A proporção que Fortaleza se adensava de gente e construções, verificou-se por parte das autoridades e da elite intelectual, toda uma produção de discursos acerca do que as autoridades e os habitantes precisavam ter e fazer para se atingir um desenvolvimento organizado, sistematizado, saudável e civilizado. E daí surgiu uma grande preocupação com a questão social dos menos favorecidos e que, segundo as autoridades, comprometiam o desenvolvimento e o grau de civilidade que se planejava alcançar.

Disciplinar o meio urbano remetia à necessidade de regular o social. Nessa perspectiva, produziu-se uma imagem negativa da população pobre, qualificada como indolente, propensa ao vício e à vadiagem. Assim, não tardou a aparecer a lista de acontecimentos apontados como obstáculos à ordenação de Fortaleza e que deveriam ser combatidos com rigor: epidemias, morbidade e mortalidade consideradas altas, proliferação de lixo, água insalubre, aumento do contingente de loucos, vadios, mendigos, menores abandonados, delinquentes, alagamentos, falta de higiene pública e doméstica, etc.

Santa Casa da Misericórdia - um hospital para os pobres



Os estabelecimentos e instituições foram surgindo à medida que os problemas se agravavam.

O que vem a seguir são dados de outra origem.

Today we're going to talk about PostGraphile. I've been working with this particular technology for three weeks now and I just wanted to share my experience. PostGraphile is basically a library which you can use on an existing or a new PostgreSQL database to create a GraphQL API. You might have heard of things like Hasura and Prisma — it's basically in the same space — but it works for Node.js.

As secas e epidemias foram as maiores responsáveis pela construção da Santa Casa da Misericórdia e do Lazareto da Lagoa Funda. A decisão de erguer um hospital que a cidade ainda não dispunha, foi motivada pelas doenças e sequelas deixadas pela seca de 1845. Apesar de parcialmente concluída em 1857, a Santa Casa só foi concluída em 1861, no mesmo local em que se encontra até hoje, entre o Passeio Público e a antiga cadeia. Até o início dos anos 30, quando aparecerem as Casas de Saúde, a Santa Casa foi o principal espaço de tratamento da população pobre, desde que não se tratasse de moléstias contagiosas.

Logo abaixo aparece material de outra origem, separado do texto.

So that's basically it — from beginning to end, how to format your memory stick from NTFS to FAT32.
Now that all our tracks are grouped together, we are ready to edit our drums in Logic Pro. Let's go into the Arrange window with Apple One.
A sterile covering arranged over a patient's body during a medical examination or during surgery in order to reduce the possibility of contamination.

Lazareto da Lagoa Funda - um hospital para doenças contagiosas

Para os portadores de moléstias contagiosas foi criado o Lazareto da Lagoa Funda, localizado a 7 km do centro da Cidade, edificado entre 1856 e 1857. O Lazareto foi o primeiro exemplo concreto da medicina urbana e preventiva em Fortaleza, já que foi criado com a finalidade de abrigar os prováveis atingidos pela epidemia de cólera que se espalhava pelos Estados do Nordeste. A epidemia efetivamente chegou e atingiu toda a província entre 1862 e 1864, ceifando a vida de 11 mil cearenses, com 362 óbitos na Capital.

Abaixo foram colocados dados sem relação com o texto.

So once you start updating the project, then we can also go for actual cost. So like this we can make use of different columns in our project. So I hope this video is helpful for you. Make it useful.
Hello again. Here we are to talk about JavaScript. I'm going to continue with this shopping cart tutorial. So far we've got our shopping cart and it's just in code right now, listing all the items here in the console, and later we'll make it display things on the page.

Cemitério de São João Batista - para evitar a contaminação da água e do ar

Ainda na década de 1860, Fortaleza passaria por duas importantes resoluções visando a preservação da salubridade do ar e da água. Uma foi a decisão de transferir o Cemitério de São Casimiro, localizado em área central, para o arrabalde de Jacarecanga, com o nome de São João Batista. No lugar do São Casimiro foi construída, em 1873, a Estação Ferroviária.
A escolha de Jacarecanga para acolher o novo cemitério, deveu-se ao fato de um ser espaço praticamente vazio à época, além de estar a oeste da cidade, isto é, a sotavento. O cemitério não poderia ficar a leste (a barlavento), porque como os ventos correm na direção Leste-Oeste, eles espalhariam os germes do cemitério pela cidade. Pelo mesmo motivo, o Lazareto da Lagoa Funda também foi edificado no mesmo subúrbio de Jacarecanga.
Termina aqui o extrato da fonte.